First, $X$ must be smooth of dimension one: since the local ring of a closed point $p\in X$ and the analytic local ring of $p\in X_{an}$ have the same completion, they have the same dimension and the same quotients by powers of their maximal ideals, so we see that the tangent space is one-dimensional for all closed points in $X$. Next, we may observe that $X$ is connected: if $X$ has multiple connected components, then $X_{an}$ must as well. So if there is an $X$ such that $X_{an}\cong D$, then $X$ must be a connected smooth curve.

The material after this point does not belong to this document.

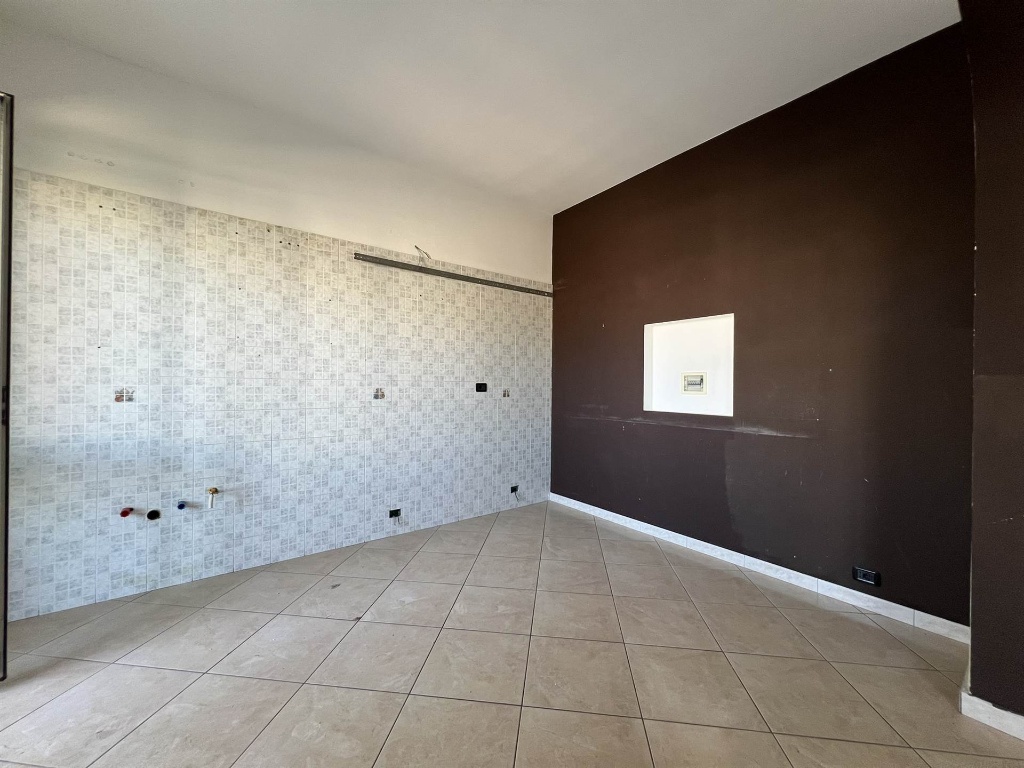 Appartamento a Reggio di Calabria, 7 locali, 2 bagni, 161 m², 2° piano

Now we'll introduce some outside results. We begin with a result about smooth curves: any connected smooth curve can be expressed as a smooth projective curve of genus $g$ minus $r$ points. We'll also need the comparison theorem on $\pi_1$:
Theorem (Grothendieck). For a pointed algebraic variety $(X,x)$ over $\mathbb{C}$ there is a canonical isomorphism
between the étale fundamental group $\pi_1^{\text{ét}}(X,x)$ and the profinite completion of the topological fundamental group
$\pi_1^{\rm top}(X(\mathbb{C}),x)$.
(This is SGA1, Expose XII, section 5, for instance.) Now we do a little topology: the fundamental group of a genus $g$ surface with $r$ punctures is a free group on $2g+r-1$ generators (you may verify this by drawing a $2g$-gon with edges identified appropriately and then deleting $r$ points in the interior and looking at what happens, for instance). The profinite completion of this group is nontrivial if $2g+r-1>0$, so we must have $g=0$ and $r=0$ or $1$. Clearly $r=0$ cannot happen as $D$ is not compact while $\Bbb P^1_{an}$ is; $r=1$ cannot happen because then we would have $\Bbb C^1$ biholomorphic to $D$, a contradiction to the uniformization theorem.